The Durbin amendment to the Dodd-Frank Wall Street Reform and Consumer Protection Act, which President Obama signed into law in July, included a provision banning exclusive transaction routing agreements that issuers have with network operators, which experts say should benefit competitors of Visa Inc. and MasterCard Inc. (see story).

Fiserv Inc., Fidelity National Information Services Inc. and Discover Financial Services, which all operate PIN-debit networks, have said in recent months that they expect more card issuers to add their networks as a routing option in response to the rule. First Data, a unit of the Kohlberg Kravis Roberts & Co. private-equity firm, operates the competing Star PIN-debit network, which potentially could benefit.

The regulation also gave the Fed the task of setting policy to ensure debit card interchange rates are “reasonable and proportional” to the costs card issuers incur, a task many insiders expect to result in lower rates. The Fed could release proposed guidelines by the end of next month.

Higher debit-network fees helped First Data post an 8% increase in third-quarter revenue, to $2.63 billion from a year earlier, the Atlanta payments processor announced. The company’s net loss during the quarter grew 52%, to $386.4 million.

The company’s financial services unit, which performs debit, credit and prepaid card processing services for financial institutions and operates the Star network, saw revenue rise 4%, to $353.7 million from a year earlier.
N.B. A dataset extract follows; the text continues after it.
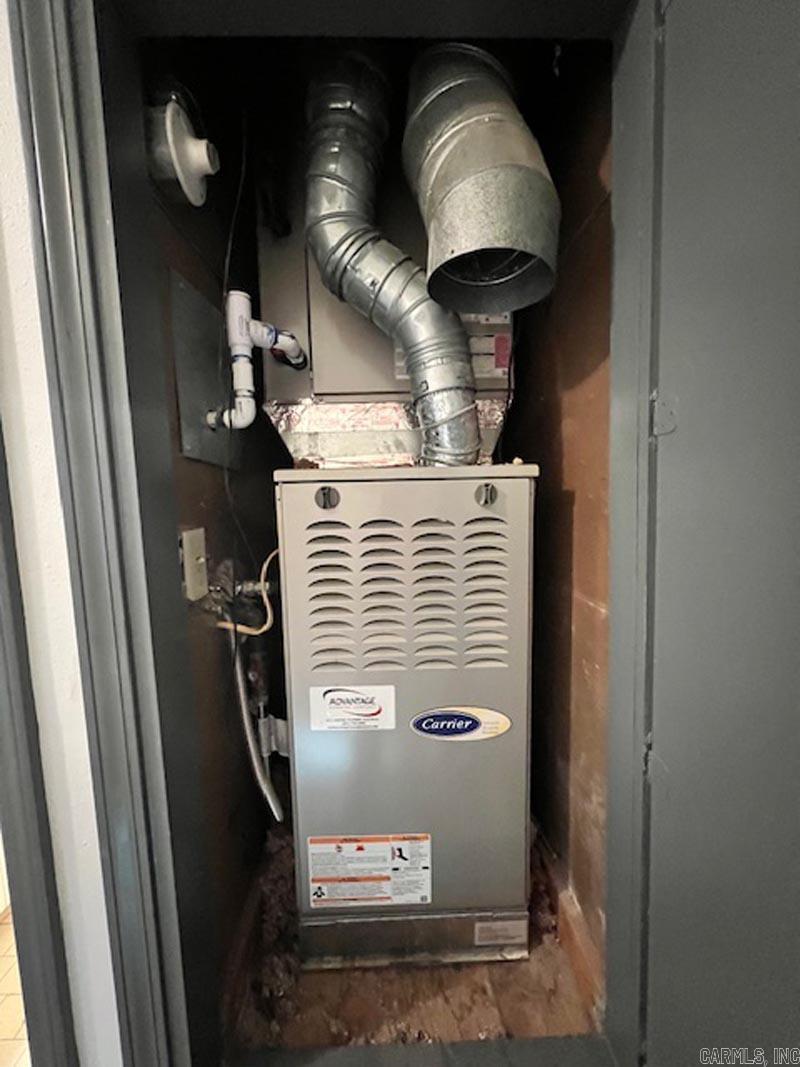 LUDINGTON HGTS - Residential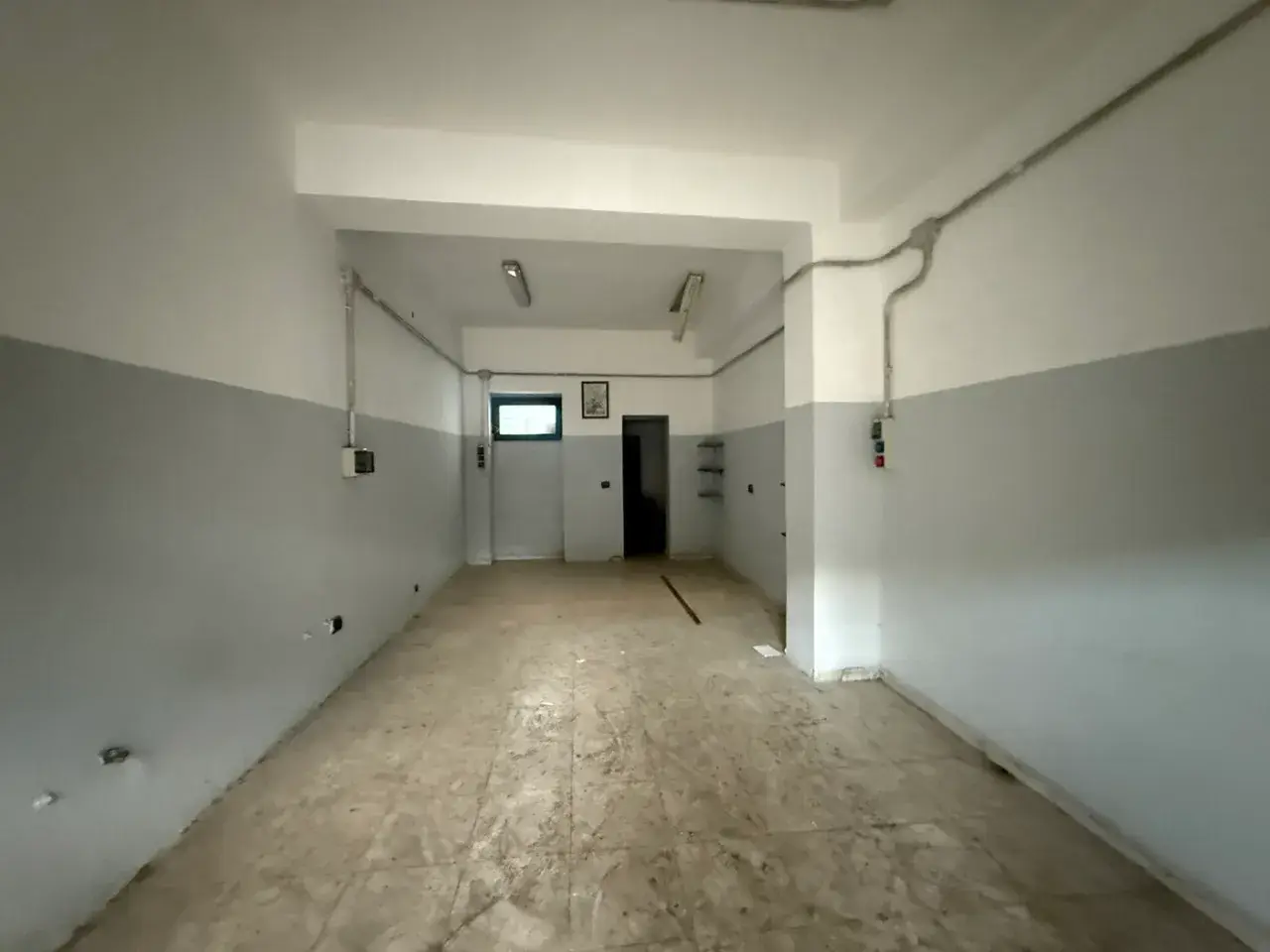 Palazzina commerciale in Via Consolare Valeria 31c, Messina, {3} - Foto 2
The performance was boosted by debit network fee revenue, which rose in part because of increases in card-association fees and transaction volume, the company said.

Its retail and alliance services unit, which performs merchant acquiring and processing, check verification and settlement services, saw revenue increase 7%, to $851.1 million, though the average transaction size it processed fell about 3% from a year earlier to $69.